» RECORDS SUPPLIED:

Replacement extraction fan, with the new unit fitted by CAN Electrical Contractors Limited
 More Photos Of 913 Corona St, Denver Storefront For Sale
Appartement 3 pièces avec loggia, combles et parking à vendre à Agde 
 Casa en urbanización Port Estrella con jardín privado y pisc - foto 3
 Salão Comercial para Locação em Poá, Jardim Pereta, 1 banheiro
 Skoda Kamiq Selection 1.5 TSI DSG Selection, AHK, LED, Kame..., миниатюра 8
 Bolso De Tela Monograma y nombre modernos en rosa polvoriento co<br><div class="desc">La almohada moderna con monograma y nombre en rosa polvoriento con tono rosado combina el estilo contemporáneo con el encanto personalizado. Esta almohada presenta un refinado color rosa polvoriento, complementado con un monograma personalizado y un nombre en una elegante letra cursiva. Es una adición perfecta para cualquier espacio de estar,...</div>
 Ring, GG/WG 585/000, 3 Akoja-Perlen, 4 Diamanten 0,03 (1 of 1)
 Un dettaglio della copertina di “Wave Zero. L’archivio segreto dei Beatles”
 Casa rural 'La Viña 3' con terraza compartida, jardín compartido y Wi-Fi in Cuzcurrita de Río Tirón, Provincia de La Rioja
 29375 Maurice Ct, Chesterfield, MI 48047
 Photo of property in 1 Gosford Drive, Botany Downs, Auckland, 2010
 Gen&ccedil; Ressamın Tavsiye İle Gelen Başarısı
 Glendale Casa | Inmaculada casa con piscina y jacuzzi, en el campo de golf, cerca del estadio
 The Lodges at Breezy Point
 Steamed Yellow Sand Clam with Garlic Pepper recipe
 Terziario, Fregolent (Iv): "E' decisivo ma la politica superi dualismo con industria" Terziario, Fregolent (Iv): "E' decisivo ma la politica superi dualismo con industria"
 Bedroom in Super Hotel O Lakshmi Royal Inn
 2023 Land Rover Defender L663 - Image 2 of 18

» TASK REQUIREMENTS:
Give the count of lines in the data above holding the word "Casa", and nothing beyond it.

» ANSWER SECTION:
3